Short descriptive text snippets
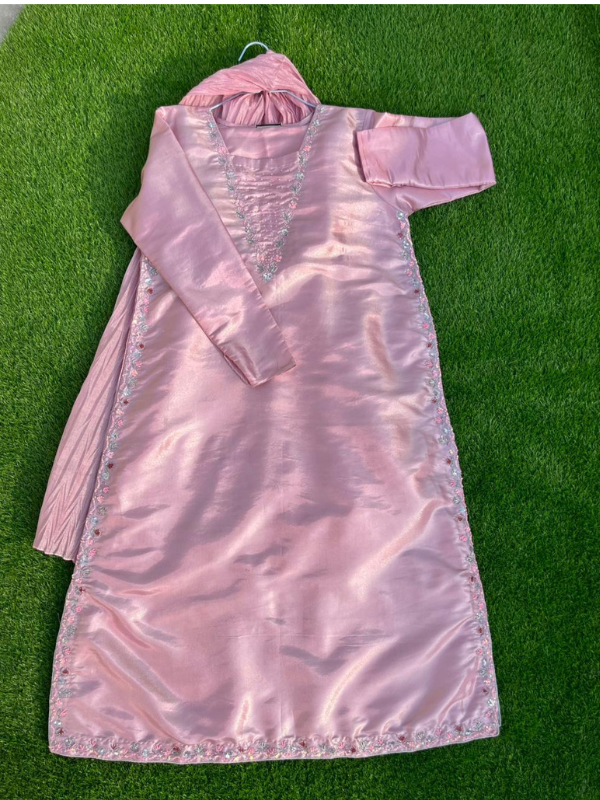 Gulabi Bahaar 3pc suit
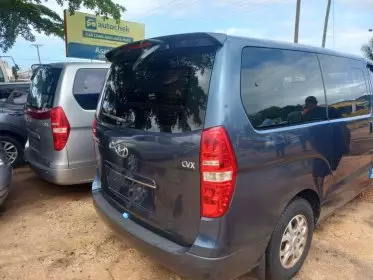 Hyundai H-1 Starex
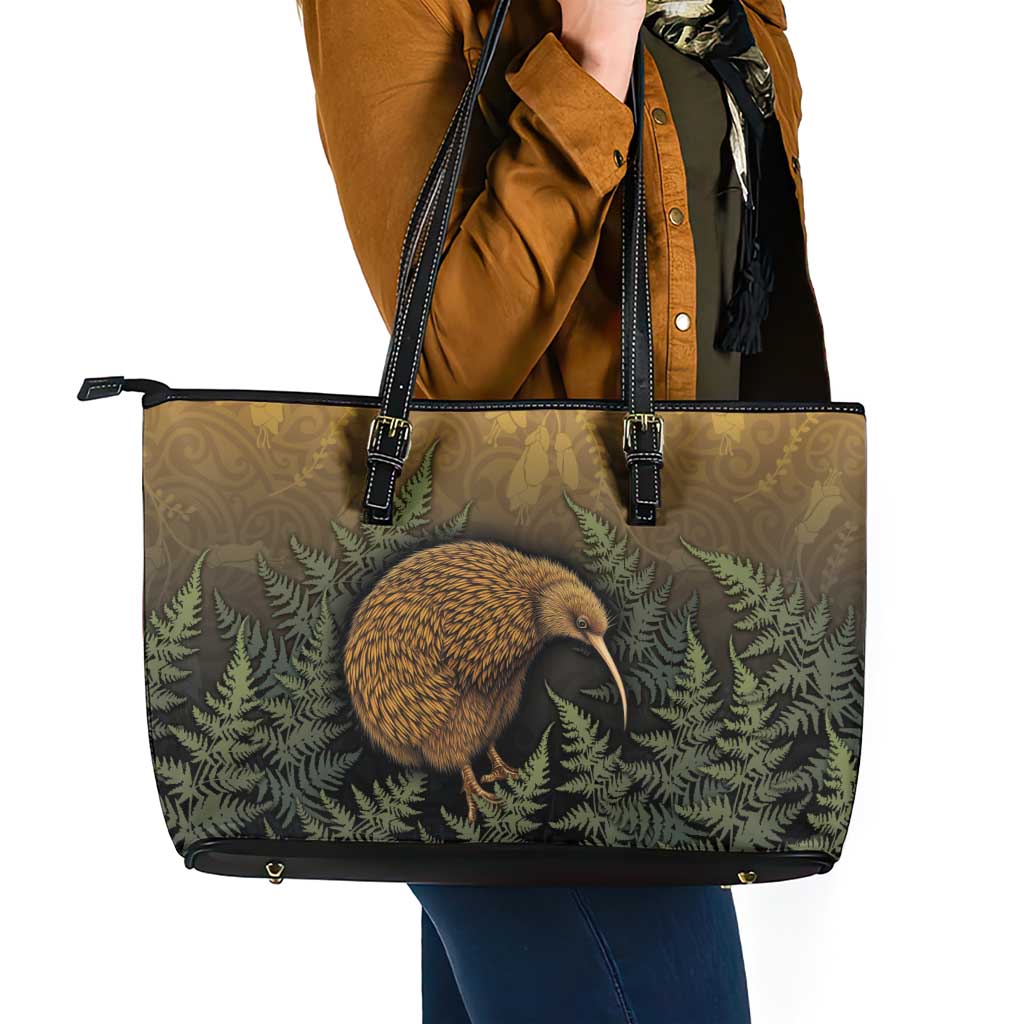 New Zealand Kiwi Bird Leather Tote Bag Silver Fern Mix Maori Pattern
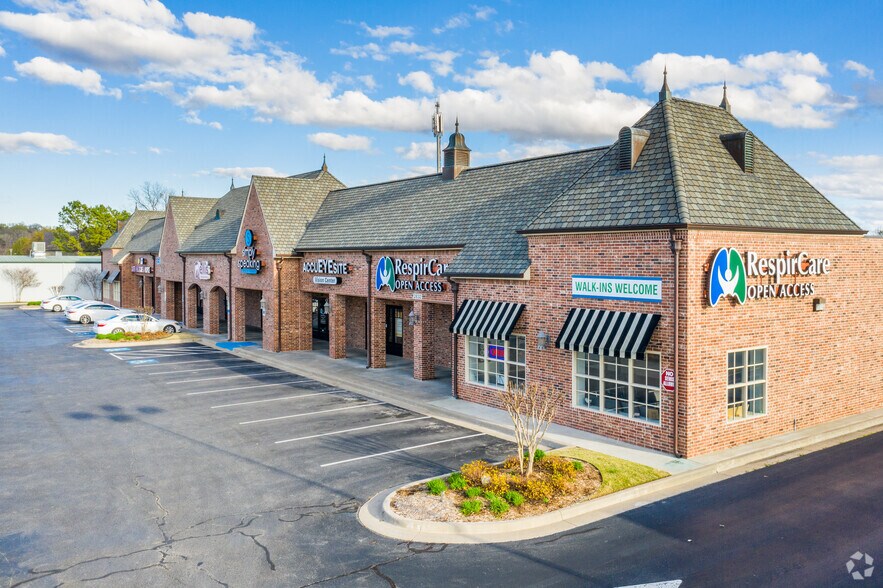 Primary Photo Of 2830-2846 E 101st St, Tulsa Unknown For Lease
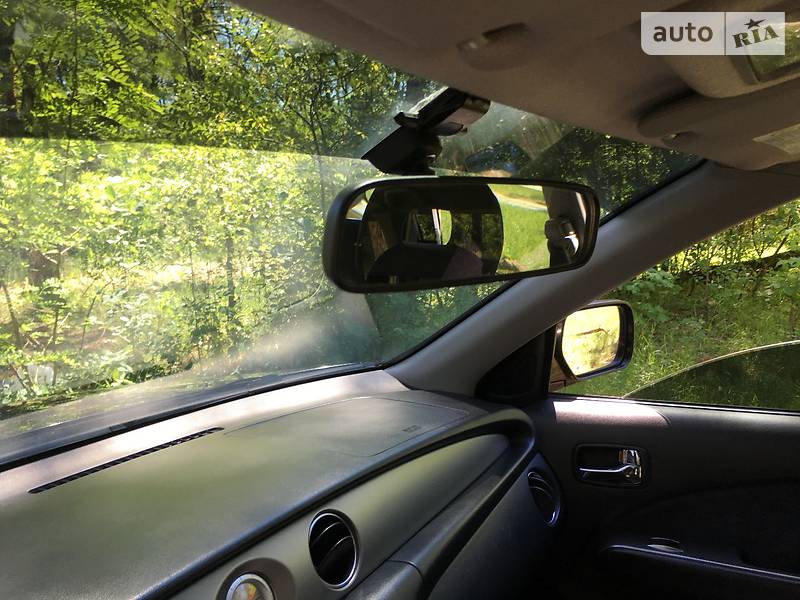 Позашляховик / Кросовер Mitsubishi Outlander 2005 в Києві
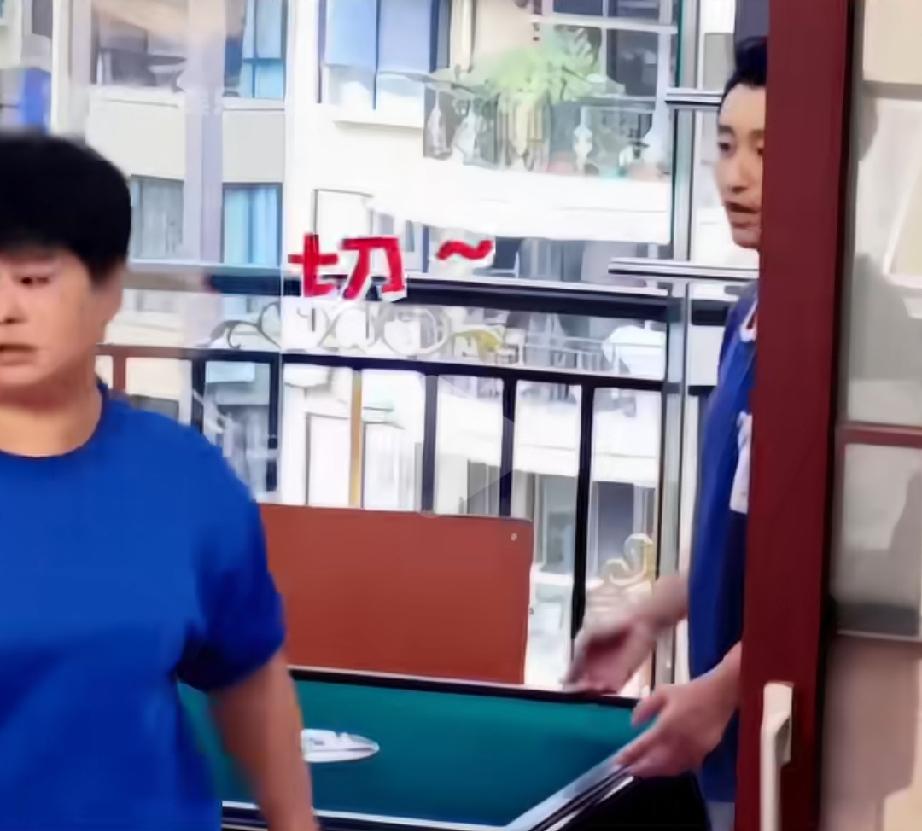 邹市明给丈母娘做家务换来一声“切”

邹市明擦空调，丈母娘嫌弃他踩床。
让他洗麻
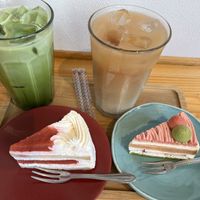 Strawberry Cake and Spring Cake    at Shochiku-en in Tokyo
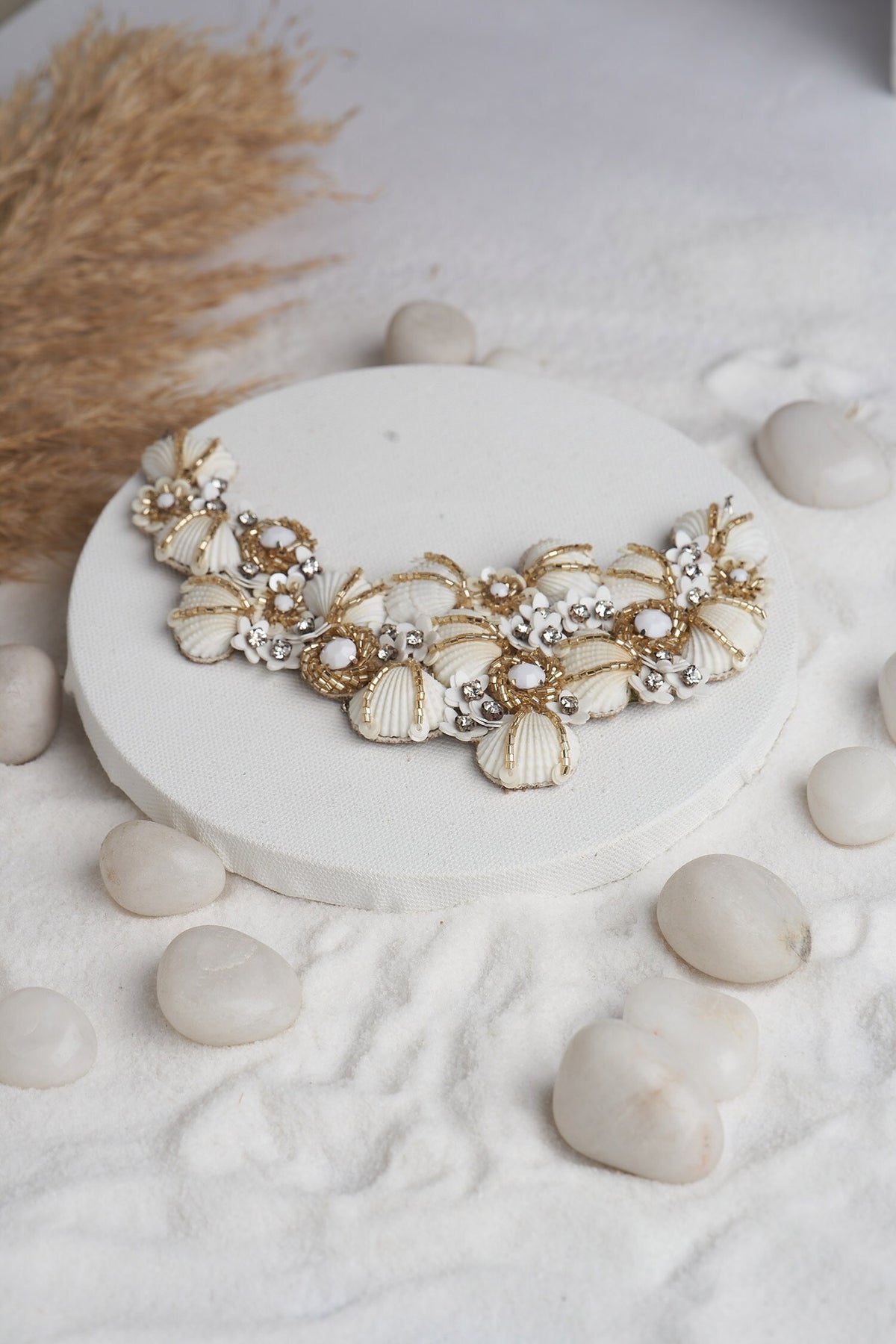 Shell Embellished Choker Set 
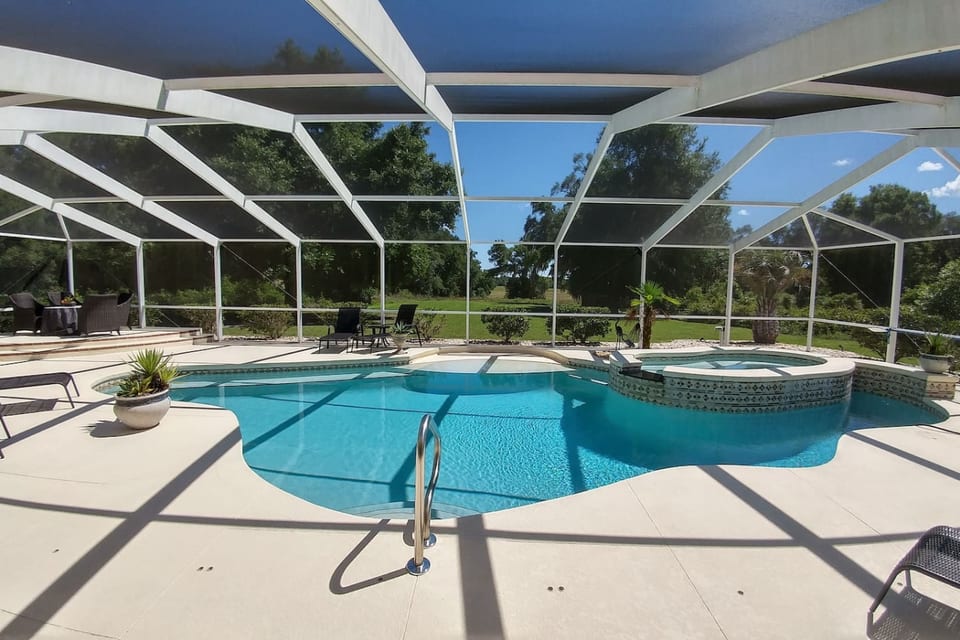 Villa Corthouts: Luxury home close to bike trail! - Inverness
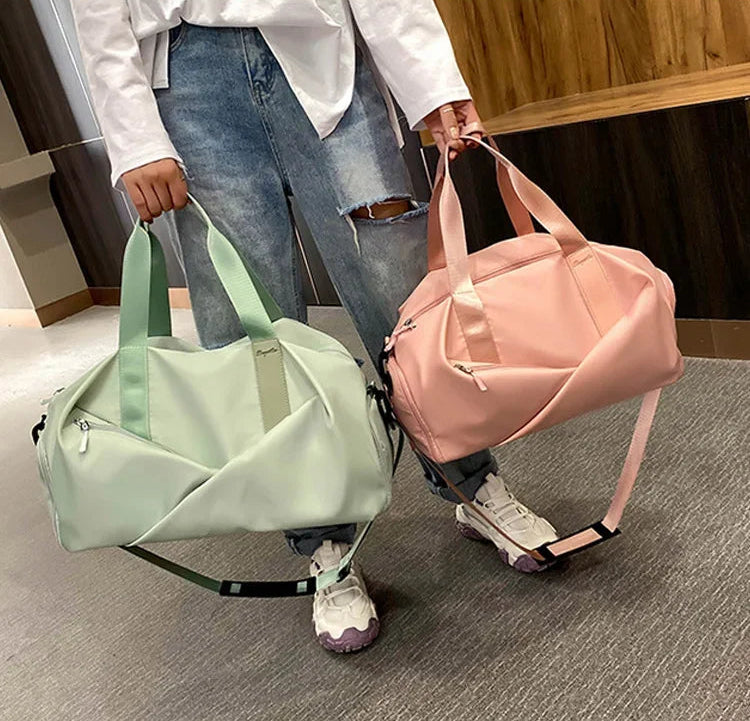 Découvrez le sac de sport femme MultiPro™, l'accessoire idéal pour les femmes actives cherchant un sac de sport femme avec compartiment étanche pour séparer vêtements secs et humides, un sac de sport femme polyvalent pour piscine yoga et bureau, un sac de sport femme durable en nylon résistant à l'eau et à l'usure, un sac de sport femme éco-responsable fabriqué avec matériaux durables, un sac de sport femme adaptable en deux tailles petit et grand pour entraînements intensifs ou week-ends improvisés, un sac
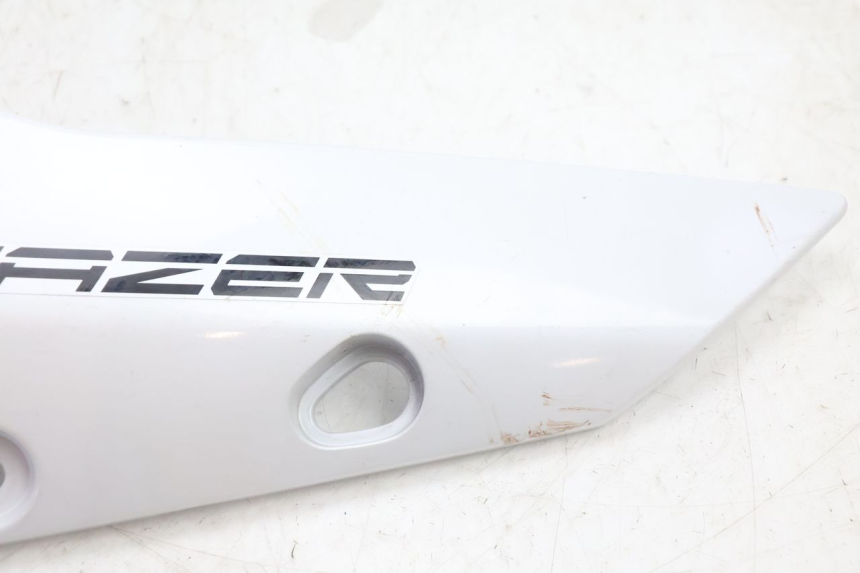 photo de CARENADO DELANTERO DERECHO YAMAHA FZ8 800 (2010 - 2016) - Zoom estado de uso
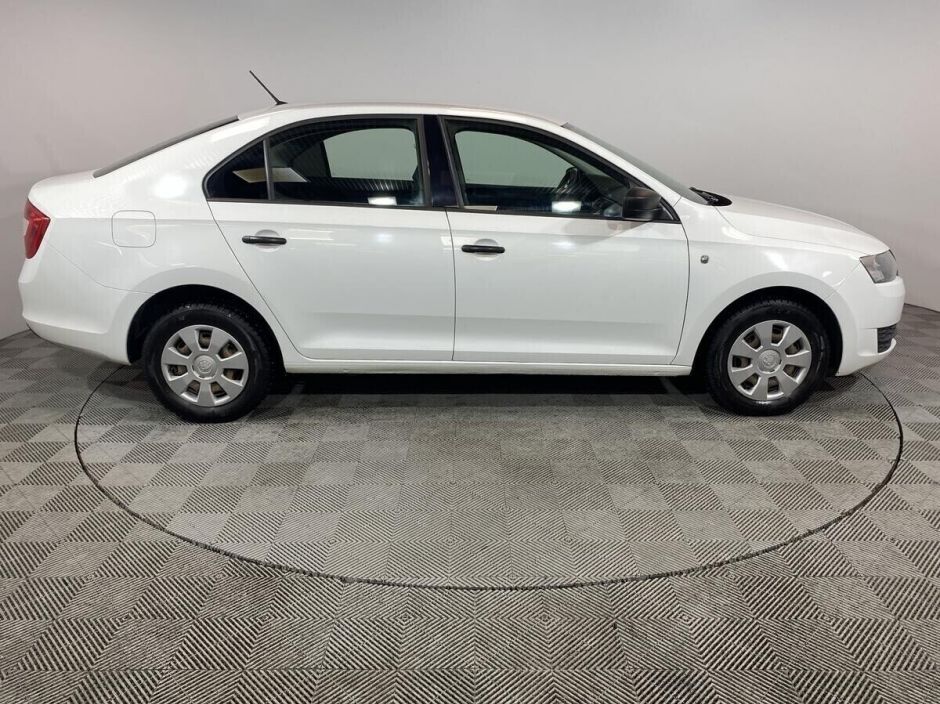 Skoda Rapid 1.6 МКПП, 2015, 97 000 км фото 4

**Exercise prompt:**
Nothing but the lines from the one holding "photo de CARENADO" to the end of the entries above should be echoed, exactly and with both ends included; omit the pictures.

**Answer box:**
 photo de CARENADO DELANTERO DERECHO YAMAHA FZ8 800 (2010 - 2016) - Zoom estado de uso
 Skoda Rapid 1.6 МКПП, 2015, 97 000 км фото 4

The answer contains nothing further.